• Image-text web data:
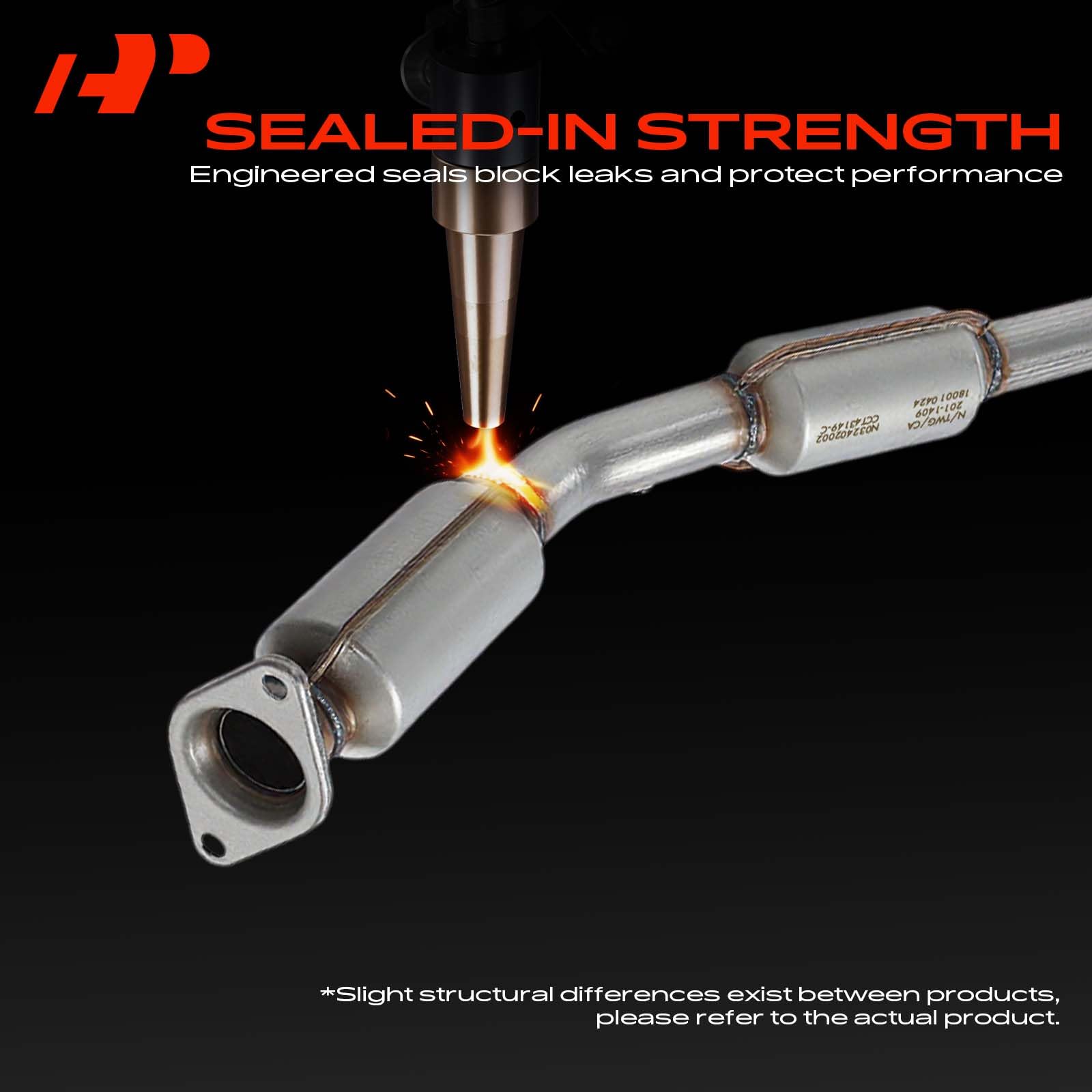 Amazon.com: A-Premium Catalytic Converter Kit Direct-Fit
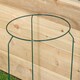image 5 of Tom Chambers Urban Metal Herbaceous Garden Plant Support Ring Medium 30cm x 50cm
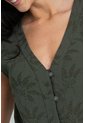 Blusa Melva Verde Ragged Pf11113192 de Ragged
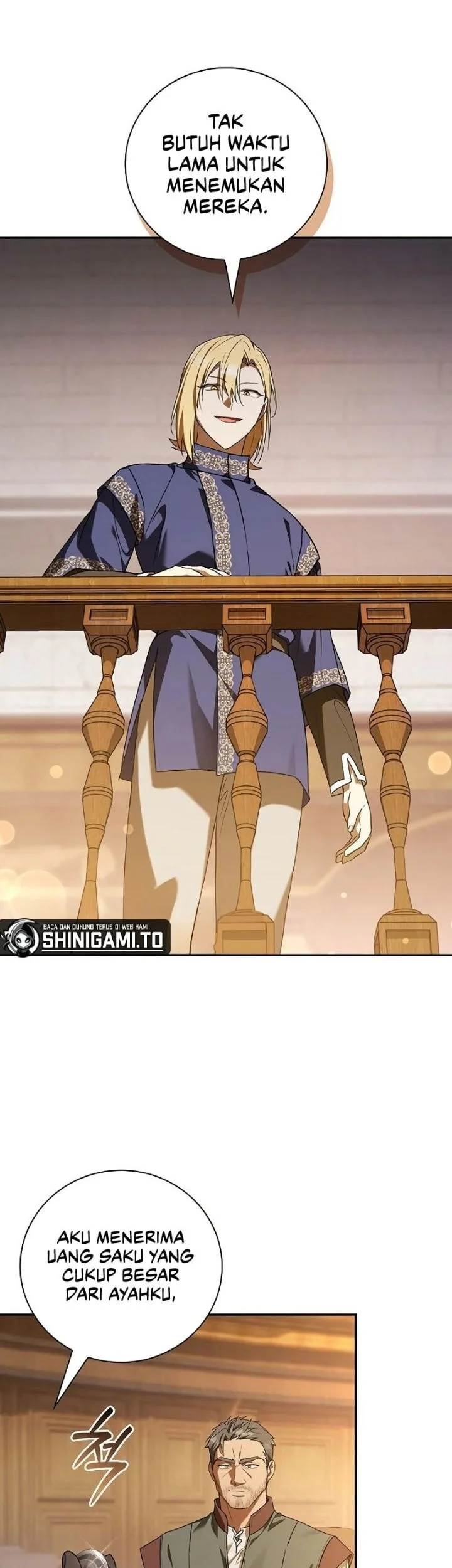 Reincarnated as the Archduke’s Son Chapter 47 Gambar 21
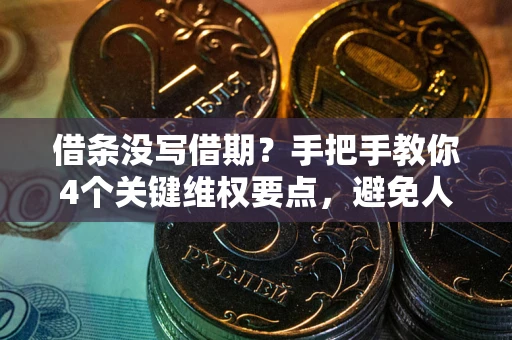 北京借条没写借期？手把手教你4个关键维权要点，避免人财两空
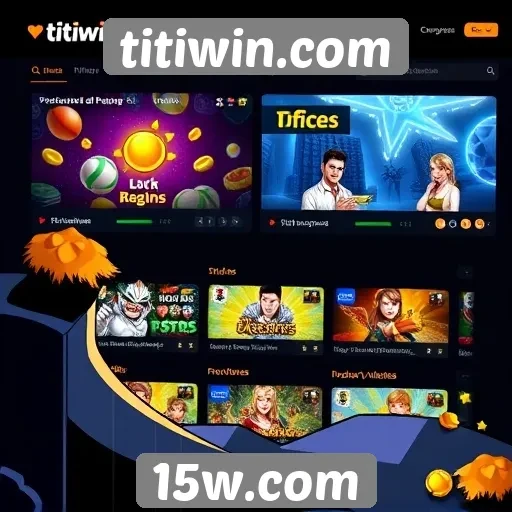 Análise da experiência do usuário no titiwin.com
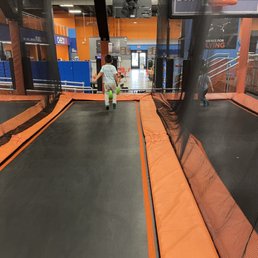The area my one kid was jumping and his brother came to see him, and I was told they can't be together....what?! The area my one kid was jumping and his brother came to see him, and I was told they can't be together....what?!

• EXERCISE:
Exact copy, no pictures: set down all the entries again as they stand.

• RESULT FOR THIS TASK:
 Amazon.com: A-Premium Catalytic Converter Kit Direct-Fit
image 5 of Tom Chambers Urban Metal Herbaceous Garden Plant Support Ring Medium 30cm x 50cm
 Blusa Melva Verde Ragged Pf11113192 de Ragged
 Reincarnated as the Archduke’s Son Chapter 47 Gambar 21
 北京借条没写借期？手把手教你4个关键维权要点，避免人财两空
 Análise da experiência do usuário no titiwin.com
The area my one kid was jumping and his brother came to see him, and I was told they can't be together....what?! The area my one kid was jumping and his brother came to see him, and I was told they can't be together....what?!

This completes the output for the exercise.